We continued our pushing pattern for another 30 minutes. Gary was doing a great job of encouraging me to keep going even though I was feeling exhausted between pushes. Dr. Chang told us Elliott's head was a little too big for me and that between every push it was slipping back inside instead of coming out, and asked if he could use a vacuum to help pull Elliott out. At this point I was ready to try anything if it meant getting my baby here. He attached the vacuum to Elliott's head, and I began pushing again. After just a few pushes I could feel a lot of pressure, and Gary told me his head was out. A few more pushes and his whole body emerged at 6:00pm on the dot. The nurses and Dr. Chang both commented that he looked like a big baby, bigger than they had anticipated. He wasn't crying immediately, so Dr. Chang had Gary cut the cord and he handed him off to the nurses to have him suctioned. Gary started snapping pictures, and I laid there watching the nurses, amazed that he was finally here. After what seemed like an eternity, he started to cry and when I heard his voice for the first time I did too. They cleaned him off and put him on the scale. He weighed 8 pounds, 11 ounces and measured 20 1/4 inches long.
The nurses came and laid him skin to skin on my chest. He was the most beautiful baby I had ever seen. Gary leaned over and kissed me and told me what a good job I had done, and we both just stared at him in amazement. Dr. Chang finished delivering the placenta, and sewing up the episiotomy he had to preform, and then he and the nurses left the three of us alone to bond. The first few minutes we had as a family of three are some of the best minutes of my life. What a special time to have my husband by my side and my newborn baby healthy in my arms! Within the first 30 minutes, he was ready to eat. I was amazed by how he already knew what to do. I nursed him for a few minutes, and then Gary went to call the family back to meet him.
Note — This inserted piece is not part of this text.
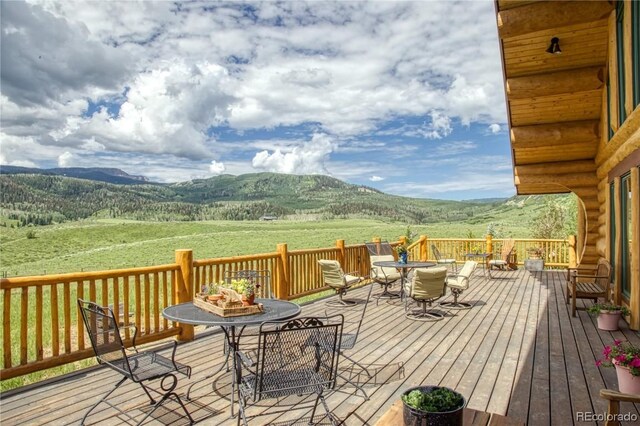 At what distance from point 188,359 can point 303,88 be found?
2664 centimetres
We had a steady stream of family and friends come to visit until about 9:00 when the nursery nurse came to get Elliott for his bath and my nurse came to move us to our postpartum room. Everyone commented on how much hair he had and what a pretty baby he was. He was very alert, looking around and taking everyone in.
That evening when the nurse brought him back to our room all cleaned up in the bassinet, we both just stared at him for at least an hour while he slept, so amazed that we had made something so perfect together, and thankful that God chose us to be his parents.
The first night was a sleepless one. Elliott woke me to eat every two hours, and nurses were in and out checking on both me and him. On Friday he was circumcised, and was sleepy most of the day, making it hard for me to get him to nurse until around 7pm. Several more friends and family stopped by to meet Elliott, and we all watched the Razorbacks win the Cotton Bowl from our hospital beds that evening.
On Saturday morning Elliott's pediatrician, Dr. Davis checked on him and gave him a good report, and the on-call OBGYN checked on me and gave me a good report. We were both discharged and told to come back in the morning so Elliott could have some more blood work done since his bilirubin levels were borderline when Dr. Davis saw him. I felt a little nervous about going home, because I hadn't been able to get Elliott to nurse much since the first night, but I was excited to be back in our home as a family of three.
We arrived at home Saturday afternoon and showed Elliott his new home, introducing him to his sisters, Maggie and Lola, who were very curious about what he was. The past two and a half days were days we will never forget, days that changed our family forever.